E por isso uma das prioridades dos Médicos Sem Fronteiras foi tomar conta da maternidade principal de Bangui. Aqui a palavra “principal” pode ser muito ilusória, pois esta maternidade de Bangui tinha/tem infraestruturas muito simples, pequenas e limitadas. Mas como sempre o selo de qualidade dos MSF faz com que, quase como que por magia se faça muito com pouco... Muito, pois a casuística de partos e cesarianas está acima de alguns hospitais de referência do Porto e de Lisboa, e com pouco, porque com meia dúzia de salas se faz, um bloco operatório, salas de partos, neonatologia, salas de internamento, laboratório, cozinha, lavandaria, etc, etc... e estávamos ainda preparados para um grande influxo de feridos pois estávamos situados numa das zonas mais perigosas e voláteis da cidade.

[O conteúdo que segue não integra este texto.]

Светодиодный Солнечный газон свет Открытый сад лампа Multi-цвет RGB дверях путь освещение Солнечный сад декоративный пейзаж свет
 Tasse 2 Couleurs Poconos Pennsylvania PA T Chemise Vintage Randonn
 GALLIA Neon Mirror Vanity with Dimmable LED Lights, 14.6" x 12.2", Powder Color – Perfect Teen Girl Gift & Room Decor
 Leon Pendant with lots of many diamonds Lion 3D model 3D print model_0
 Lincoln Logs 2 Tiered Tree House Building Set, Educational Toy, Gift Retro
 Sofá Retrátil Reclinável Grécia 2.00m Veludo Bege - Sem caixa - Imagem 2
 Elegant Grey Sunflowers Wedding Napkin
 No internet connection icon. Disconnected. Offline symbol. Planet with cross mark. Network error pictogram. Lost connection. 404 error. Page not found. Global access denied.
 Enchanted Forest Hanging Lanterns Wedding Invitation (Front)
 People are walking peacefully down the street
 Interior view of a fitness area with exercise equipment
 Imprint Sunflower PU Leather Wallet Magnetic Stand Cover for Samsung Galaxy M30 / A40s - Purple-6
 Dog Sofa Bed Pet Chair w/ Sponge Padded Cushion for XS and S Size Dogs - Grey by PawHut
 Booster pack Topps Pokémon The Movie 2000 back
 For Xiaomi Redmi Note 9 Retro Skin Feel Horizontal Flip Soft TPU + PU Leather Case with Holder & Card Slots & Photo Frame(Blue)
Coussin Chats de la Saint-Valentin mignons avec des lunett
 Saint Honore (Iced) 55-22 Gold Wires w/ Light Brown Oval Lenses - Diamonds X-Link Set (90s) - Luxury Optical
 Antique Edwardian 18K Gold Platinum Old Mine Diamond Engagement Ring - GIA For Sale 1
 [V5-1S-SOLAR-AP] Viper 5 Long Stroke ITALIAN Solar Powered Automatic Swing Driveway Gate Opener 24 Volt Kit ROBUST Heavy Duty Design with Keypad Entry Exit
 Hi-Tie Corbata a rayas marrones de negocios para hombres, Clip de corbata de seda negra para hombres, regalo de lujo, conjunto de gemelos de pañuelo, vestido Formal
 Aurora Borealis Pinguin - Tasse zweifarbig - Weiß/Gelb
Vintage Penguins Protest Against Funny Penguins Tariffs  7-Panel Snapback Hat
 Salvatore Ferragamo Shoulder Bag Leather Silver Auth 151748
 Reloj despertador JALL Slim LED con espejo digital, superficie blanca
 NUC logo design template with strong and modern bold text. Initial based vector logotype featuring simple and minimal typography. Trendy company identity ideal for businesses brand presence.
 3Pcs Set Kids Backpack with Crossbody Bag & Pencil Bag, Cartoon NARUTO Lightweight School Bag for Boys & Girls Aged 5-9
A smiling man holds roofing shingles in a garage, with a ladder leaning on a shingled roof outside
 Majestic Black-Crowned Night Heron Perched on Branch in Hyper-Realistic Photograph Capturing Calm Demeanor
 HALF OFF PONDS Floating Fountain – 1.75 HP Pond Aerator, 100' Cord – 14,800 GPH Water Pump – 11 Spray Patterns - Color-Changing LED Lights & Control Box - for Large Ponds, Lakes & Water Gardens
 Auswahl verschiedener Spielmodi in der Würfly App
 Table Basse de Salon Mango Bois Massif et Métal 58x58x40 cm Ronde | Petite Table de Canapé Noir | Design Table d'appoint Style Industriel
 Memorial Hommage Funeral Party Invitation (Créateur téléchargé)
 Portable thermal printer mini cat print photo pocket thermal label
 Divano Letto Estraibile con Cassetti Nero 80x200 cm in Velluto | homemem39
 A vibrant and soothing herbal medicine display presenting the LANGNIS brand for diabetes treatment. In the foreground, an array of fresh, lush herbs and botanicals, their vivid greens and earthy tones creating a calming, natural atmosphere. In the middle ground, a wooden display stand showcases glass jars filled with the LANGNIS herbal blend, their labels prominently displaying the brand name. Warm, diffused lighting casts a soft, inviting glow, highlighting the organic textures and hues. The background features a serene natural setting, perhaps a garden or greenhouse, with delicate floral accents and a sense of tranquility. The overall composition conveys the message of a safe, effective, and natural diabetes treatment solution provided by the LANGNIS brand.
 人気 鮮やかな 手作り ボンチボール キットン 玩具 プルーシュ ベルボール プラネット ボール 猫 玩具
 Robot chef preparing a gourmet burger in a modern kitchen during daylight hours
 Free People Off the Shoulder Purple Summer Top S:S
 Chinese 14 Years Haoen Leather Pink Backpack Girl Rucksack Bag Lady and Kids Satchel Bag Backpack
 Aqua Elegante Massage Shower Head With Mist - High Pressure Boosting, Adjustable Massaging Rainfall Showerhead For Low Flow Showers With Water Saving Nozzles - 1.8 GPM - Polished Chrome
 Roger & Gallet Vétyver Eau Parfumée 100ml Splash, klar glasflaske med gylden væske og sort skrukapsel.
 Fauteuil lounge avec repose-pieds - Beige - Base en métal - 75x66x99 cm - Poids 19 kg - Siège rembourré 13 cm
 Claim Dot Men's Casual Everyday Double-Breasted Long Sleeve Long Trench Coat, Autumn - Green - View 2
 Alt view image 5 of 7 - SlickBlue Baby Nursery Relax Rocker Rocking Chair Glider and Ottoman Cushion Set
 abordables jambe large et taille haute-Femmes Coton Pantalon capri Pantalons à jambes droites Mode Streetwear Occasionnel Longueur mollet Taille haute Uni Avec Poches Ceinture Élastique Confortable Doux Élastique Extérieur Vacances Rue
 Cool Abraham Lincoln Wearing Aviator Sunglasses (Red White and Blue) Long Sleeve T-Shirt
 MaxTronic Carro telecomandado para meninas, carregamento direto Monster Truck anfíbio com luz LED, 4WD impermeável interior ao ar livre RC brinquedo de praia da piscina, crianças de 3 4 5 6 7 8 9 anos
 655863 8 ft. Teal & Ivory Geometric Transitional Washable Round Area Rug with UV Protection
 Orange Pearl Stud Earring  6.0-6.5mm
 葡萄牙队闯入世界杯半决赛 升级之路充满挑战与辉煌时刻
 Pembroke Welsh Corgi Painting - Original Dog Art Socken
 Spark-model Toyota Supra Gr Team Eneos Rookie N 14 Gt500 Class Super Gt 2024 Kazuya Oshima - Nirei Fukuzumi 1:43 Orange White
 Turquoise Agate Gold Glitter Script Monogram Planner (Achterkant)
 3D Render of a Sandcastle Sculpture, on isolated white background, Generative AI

Acho que todos já ouvimos falar do tempo em que as mulheres morriam no parto... Não sabemos bem a que distância esse triste fenómeno está da nossa existência. Serão histórias de avós de avós, ou de filmes da época em que a medicina estava a dar os seus primeiros passos como ciência... “Dantes morria-se no parto”, “A criança nasceu bem, mas a mãe morreu”... são frases que nós sabemos que já foram de uso comum... Mas felizmente são verdades de outros tempos... É raríssimo hoje em dia uma morte materna... Tão raro, tão raro que se torna difícil fazer estatística sobre o assunto, e que bom que assim o é! Em cerca de 14-15 anos de Anestesista e depois Intensivista em hospitais centrais acho que só morreu 1 mulher, e eu nem sequer vi, simplesmente ouvi falar por ter sido no hospital onde eu trabalhava... e muita reflexão se fez sobre esta catástrofe que no caso, foi uma complicação raríssima (Embolia de Líquido Amniótico). Não é por acaso que se diz que as especialidades médicas que mais evoluíram em termos de segurança nas últimas décadas foram a Anestesia e a Obstetrícia, e que alegria poder dizer que a probabilidade de uma mulher morrer no parto é quase nula! ... Excepto no mundo dos pobres! Nos países subdesenvolvidos a probabilidade de uma mulher morrer no período peri-parto é elevadíssima... Gravidezes não vigiadas, a multiparidade, mas acima de tudo uma ausência de acesso a cuidados de saúde explica esta disparidade de mundos tão gritante. E assim estão os MSF em Bangui a lutar contra a corrente da injustiça e da indiferença, num dos pontos do planeta mais necessitados dos nossos dias...

A maternidade fazia cerca de 400 partos por mês... é imenso! E já sabia que era uma questão estatística até me vir parar às mãos uma jovem em estado grave... E este dia, foi o dia. Foi a minha primeira doente “a doer”, o meu primeiro grande desafio...

Chamam-me à sala de partos (eu normalmente estou no bloco operatório) para ver uma doente com uma Pré-Eclâmpsia chegada há pouco, que levanta preocupações...  
A sala de partos impressiona os mais sensíveis... Não existem epidurais, não existe analgesia de parto... O que faz com que os gritos das contrações ecoem pelas paredes da sala ganhando o estatuto de banda sonora que embala qualquer pensamento que possamos estar a ter naquela envolvência.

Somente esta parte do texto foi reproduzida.